The recipe for loading dye varies depending upon the experience of the researcher. Some scientist adds EDTA and Tris in loading dye too. 


Read related article: Role of alcohol in DNA extraction 


The EDTA inhibits the nuclease activity and Tris maintains the pH of loading dye. However, these ingredients are optional because EDTA and Tris are already present in the electrophoresis buffer.

The Ficoll 400 is highly recommended over other polysaccharides. Generally, glycerol is avoided for the gel loading dye because it can react with the borate in TBE buffer. This will decrease the clarity of result. Nonetheless, the role of glycerol in electrophoresis is same as Ficoll 400.

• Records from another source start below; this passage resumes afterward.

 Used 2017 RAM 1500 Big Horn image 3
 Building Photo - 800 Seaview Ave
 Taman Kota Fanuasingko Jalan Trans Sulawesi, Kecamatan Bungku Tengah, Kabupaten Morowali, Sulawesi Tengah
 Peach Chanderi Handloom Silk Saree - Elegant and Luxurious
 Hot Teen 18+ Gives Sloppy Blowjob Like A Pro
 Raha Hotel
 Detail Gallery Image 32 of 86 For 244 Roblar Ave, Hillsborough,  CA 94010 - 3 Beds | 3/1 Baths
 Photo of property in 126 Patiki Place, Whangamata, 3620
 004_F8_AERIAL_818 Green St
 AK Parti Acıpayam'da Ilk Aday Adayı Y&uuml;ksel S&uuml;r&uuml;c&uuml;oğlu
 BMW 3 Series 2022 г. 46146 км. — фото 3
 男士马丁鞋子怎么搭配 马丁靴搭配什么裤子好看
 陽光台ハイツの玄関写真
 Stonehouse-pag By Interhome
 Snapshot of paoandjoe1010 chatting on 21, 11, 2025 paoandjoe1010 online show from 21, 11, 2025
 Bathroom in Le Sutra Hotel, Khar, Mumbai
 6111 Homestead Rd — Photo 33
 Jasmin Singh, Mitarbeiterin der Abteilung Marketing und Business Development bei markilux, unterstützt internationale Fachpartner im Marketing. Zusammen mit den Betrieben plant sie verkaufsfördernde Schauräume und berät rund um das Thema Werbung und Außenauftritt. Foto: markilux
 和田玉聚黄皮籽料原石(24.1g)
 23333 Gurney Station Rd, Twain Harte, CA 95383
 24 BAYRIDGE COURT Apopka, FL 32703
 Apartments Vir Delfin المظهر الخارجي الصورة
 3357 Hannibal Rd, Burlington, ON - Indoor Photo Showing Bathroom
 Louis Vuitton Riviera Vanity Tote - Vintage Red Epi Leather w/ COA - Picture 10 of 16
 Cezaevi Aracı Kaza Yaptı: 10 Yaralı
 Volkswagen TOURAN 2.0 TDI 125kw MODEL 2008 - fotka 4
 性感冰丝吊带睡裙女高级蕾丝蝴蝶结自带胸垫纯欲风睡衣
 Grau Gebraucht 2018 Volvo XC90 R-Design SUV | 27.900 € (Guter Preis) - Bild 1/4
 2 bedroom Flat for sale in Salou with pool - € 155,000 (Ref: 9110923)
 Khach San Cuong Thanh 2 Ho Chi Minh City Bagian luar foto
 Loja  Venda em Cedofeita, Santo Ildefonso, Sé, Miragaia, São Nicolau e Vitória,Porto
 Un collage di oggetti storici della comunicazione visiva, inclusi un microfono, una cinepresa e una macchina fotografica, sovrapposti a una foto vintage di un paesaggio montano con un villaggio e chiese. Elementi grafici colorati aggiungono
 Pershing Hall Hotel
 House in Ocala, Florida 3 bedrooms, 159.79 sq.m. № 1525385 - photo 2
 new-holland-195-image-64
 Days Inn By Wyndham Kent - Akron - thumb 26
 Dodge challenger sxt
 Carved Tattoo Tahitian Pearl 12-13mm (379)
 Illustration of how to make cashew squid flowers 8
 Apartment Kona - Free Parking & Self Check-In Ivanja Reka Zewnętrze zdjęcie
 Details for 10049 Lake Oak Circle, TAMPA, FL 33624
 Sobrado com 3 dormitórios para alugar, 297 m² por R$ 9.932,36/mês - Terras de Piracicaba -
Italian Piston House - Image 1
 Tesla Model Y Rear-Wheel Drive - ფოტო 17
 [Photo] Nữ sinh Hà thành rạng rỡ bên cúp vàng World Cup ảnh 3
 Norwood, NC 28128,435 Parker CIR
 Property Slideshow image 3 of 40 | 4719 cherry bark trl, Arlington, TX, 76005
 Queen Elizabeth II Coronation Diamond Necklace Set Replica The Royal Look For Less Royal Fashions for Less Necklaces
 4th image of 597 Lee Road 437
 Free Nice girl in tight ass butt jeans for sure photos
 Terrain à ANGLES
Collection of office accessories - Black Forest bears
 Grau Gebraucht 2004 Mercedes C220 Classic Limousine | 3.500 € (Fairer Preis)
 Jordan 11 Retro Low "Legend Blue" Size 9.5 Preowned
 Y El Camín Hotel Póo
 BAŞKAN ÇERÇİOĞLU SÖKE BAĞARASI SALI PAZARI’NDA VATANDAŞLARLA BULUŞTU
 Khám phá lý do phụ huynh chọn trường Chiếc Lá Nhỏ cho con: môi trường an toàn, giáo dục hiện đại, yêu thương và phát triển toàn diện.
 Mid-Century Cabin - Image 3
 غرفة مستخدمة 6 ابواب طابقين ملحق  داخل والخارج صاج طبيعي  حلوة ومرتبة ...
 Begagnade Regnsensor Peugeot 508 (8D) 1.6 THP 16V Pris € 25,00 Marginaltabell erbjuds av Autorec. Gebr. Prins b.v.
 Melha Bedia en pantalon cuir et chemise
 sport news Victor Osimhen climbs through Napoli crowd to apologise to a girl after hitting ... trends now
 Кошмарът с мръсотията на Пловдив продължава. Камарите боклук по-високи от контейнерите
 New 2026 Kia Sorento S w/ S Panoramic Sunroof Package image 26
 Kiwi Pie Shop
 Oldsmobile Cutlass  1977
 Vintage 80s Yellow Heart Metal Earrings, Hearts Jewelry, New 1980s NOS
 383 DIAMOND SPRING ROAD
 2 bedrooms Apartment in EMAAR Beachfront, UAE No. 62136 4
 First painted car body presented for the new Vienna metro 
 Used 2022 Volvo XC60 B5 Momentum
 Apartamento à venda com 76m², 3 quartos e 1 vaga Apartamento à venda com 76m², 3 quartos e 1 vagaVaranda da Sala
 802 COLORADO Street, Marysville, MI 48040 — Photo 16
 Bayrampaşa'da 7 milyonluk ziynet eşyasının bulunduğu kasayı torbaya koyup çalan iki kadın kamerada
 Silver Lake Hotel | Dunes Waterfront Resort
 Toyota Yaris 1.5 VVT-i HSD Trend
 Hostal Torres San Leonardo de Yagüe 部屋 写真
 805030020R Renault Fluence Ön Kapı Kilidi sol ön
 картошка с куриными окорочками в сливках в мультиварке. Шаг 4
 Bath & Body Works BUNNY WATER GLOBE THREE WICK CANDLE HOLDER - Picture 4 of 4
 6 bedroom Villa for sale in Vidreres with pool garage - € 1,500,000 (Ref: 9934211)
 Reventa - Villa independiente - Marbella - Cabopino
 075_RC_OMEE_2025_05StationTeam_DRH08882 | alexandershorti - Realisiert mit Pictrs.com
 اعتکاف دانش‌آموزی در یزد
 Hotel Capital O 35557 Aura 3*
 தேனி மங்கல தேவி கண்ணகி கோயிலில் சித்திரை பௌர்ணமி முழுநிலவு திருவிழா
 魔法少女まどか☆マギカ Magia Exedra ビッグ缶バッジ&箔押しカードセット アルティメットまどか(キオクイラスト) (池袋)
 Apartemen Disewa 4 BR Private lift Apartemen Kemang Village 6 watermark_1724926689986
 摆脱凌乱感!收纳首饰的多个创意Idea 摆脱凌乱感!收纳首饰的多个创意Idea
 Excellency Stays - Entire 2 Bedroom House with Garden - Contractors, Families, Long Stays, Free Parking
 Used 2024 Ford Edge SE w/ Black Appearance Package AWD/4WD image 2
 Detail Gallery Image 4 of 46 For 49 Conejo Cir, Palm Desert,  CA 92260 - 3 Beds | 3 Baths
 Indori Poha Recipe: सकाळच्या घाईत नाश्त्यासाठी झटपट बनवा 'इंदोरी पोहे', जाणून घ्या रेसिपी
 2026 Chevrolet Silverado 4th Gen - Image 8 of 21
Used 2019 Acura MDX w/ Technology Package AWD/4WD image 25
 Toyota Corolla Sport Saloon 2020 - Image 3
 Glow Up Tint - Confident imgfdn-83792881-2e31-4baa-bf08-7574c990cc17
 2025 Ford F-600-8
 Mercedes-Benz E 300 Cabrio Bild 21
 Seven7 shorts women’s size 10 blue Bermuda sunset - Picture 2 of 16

Sucrose can also not recommended because sucrose containing dye cannot be stored for longer time. Hence Ficoll 400 is the best choice for making lading dye.

Ficoll 400 is a hydrophilic, higher molecular weight, polysaccharide which is non-reactive with DNA, buffer or agarose.

My ultimate guide to use DNA loading dye effectively:

Always make 10X loading dye and store it in 10 different aliquots.

  • 0.42 % (W/V) Bromophenol blue powder
  • 25 % Ficoll
  • 0.42% (W/V) Xylene cyanol FF (optional)

This is your 10X DNA loading dye composition. Add water as per your requirement.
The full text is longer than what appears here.